I’ve
described Children of Men as, by some distance, the best film of last year. I’ve
described V for Vendetta as a vapid apology for terrorism. Now, one of the best US blogs - the American Scene -
endorses the view, expressed by
Daniel Larison, that they are distinctly similar. The reviews they cite may not dislike V for Vendetta quite as much as I did but they
see both films as being intellectually and spiritually empty (requires free registration). Children of Men is thought to have come off better only thanks to director Alfonse Cuaron’s consummate cinematic talent. I won’t bother rehashing my attack on V for Vendetta as it seems unnecessary but it seems important to leap to Children of Men’s defence.
A large part of my disagreement with the reviewers is that I actually think that the film’s portrayal of the government is somewhat sympathetic. The government in this film is compromised and commits some truly evil acts but, in the end, there was something heroic in their desperate but probably vain attempt to hold a dying society together. It portrays their crimes frequently and certainly does not seek to absolve them of guilt but this is only one element of their treatment. During the scenes where Theo meets his cousin, the Arts Minister, the effort to defend humanity’s greatest creations from our collapse might come across as futile to some. To me it seemed a heroic defiance of fate in the name of our higher instincts. Similarly, during the climactic fighting it is the rebels who restart the battle after it has been stopped by the child’s crying. This is a portrait of a society dying and a government doing all it can to defend the best in the society it stewards.
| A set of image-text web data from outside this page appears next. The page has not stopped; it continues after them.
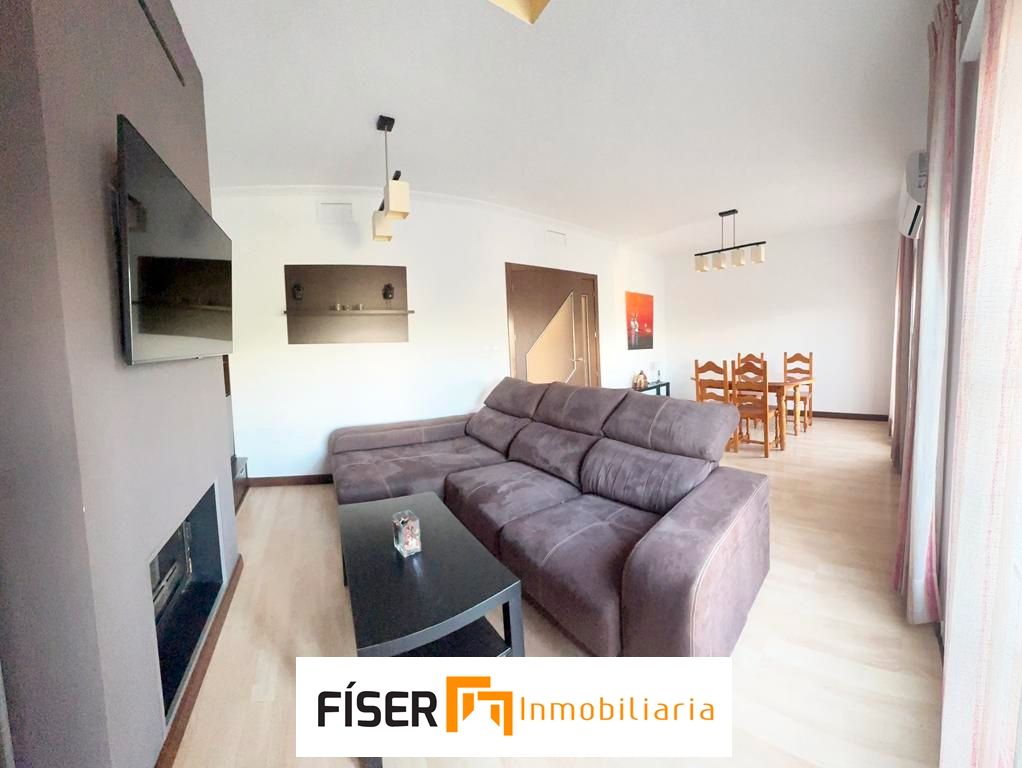 Living room of Flat to rent in Zafra  with Air Conditioner, Parquet flooring and Furnished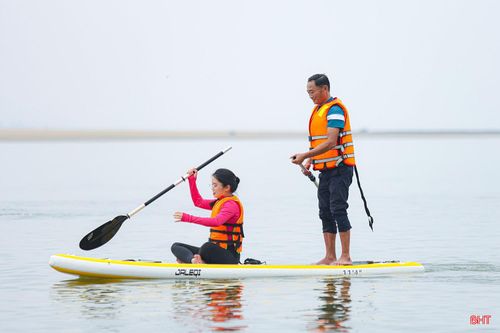 Dù còn khá mới tại Hà Tĩnh, nhưng chèo SUP đang dần thu hút những người yêu thích vận động ngoài trời và khám phá cảnh quan theo cách khác biệt.
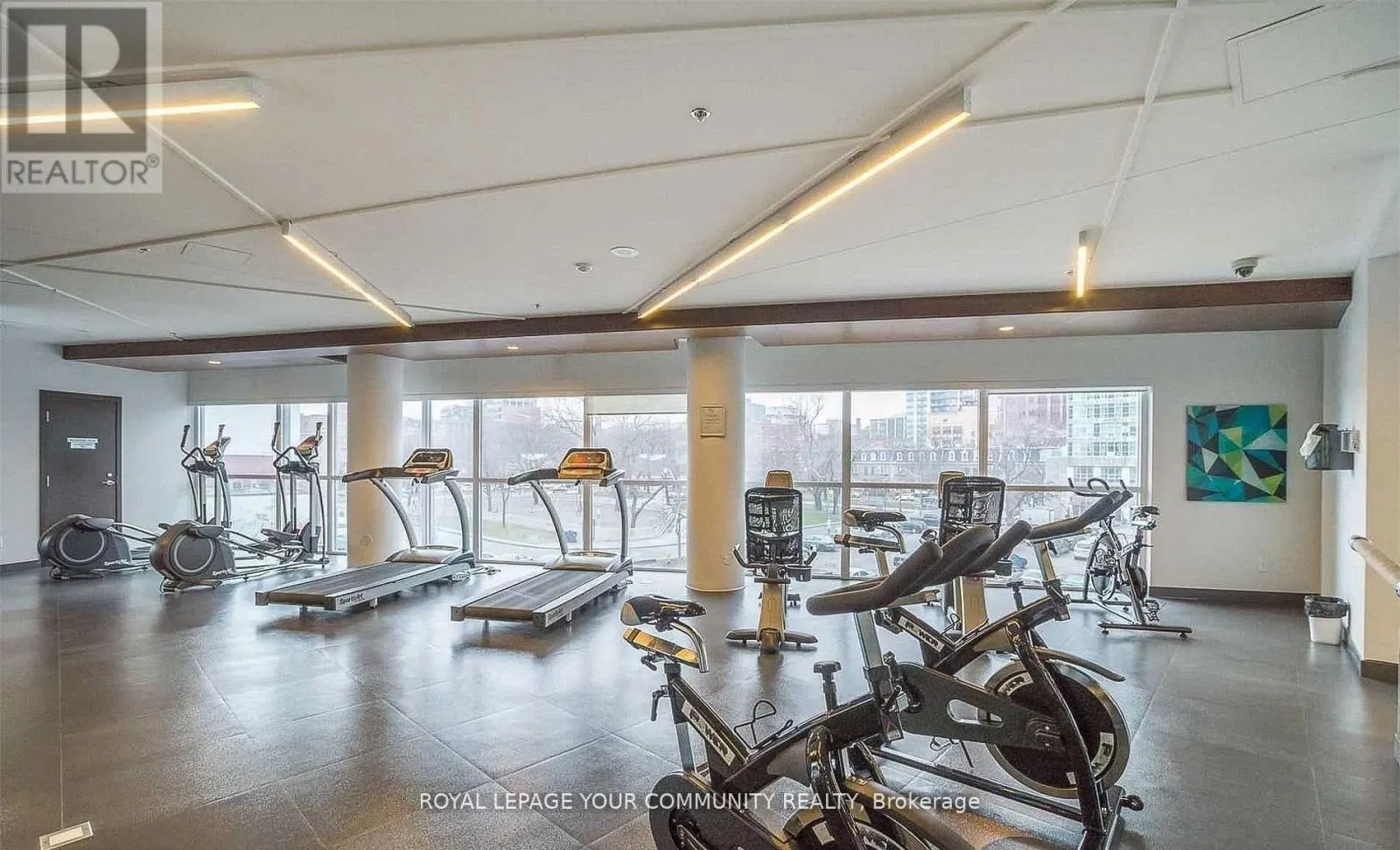 421 - 352 FRONT STREET W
In this light the government’s deplorable actions come across somewhat differently. An anti-immigration stance may not make good economic sense with a rapidly declining population but if you are fighting a hopeless battle for stability is probably sensible. Sid and the other really unpleasant characters on the government side are those brutal men who do well out of brutal times requiring brutal measures. Their failure is not of being on the wrong side but of being uncaring and inhuman. The allusions to Abu Ghraib point to the same problem in Iraq. The coalition labours at the near impossible task of holding the Iraqi state together despite huge internal pressures and, in the process, succumbs to evil.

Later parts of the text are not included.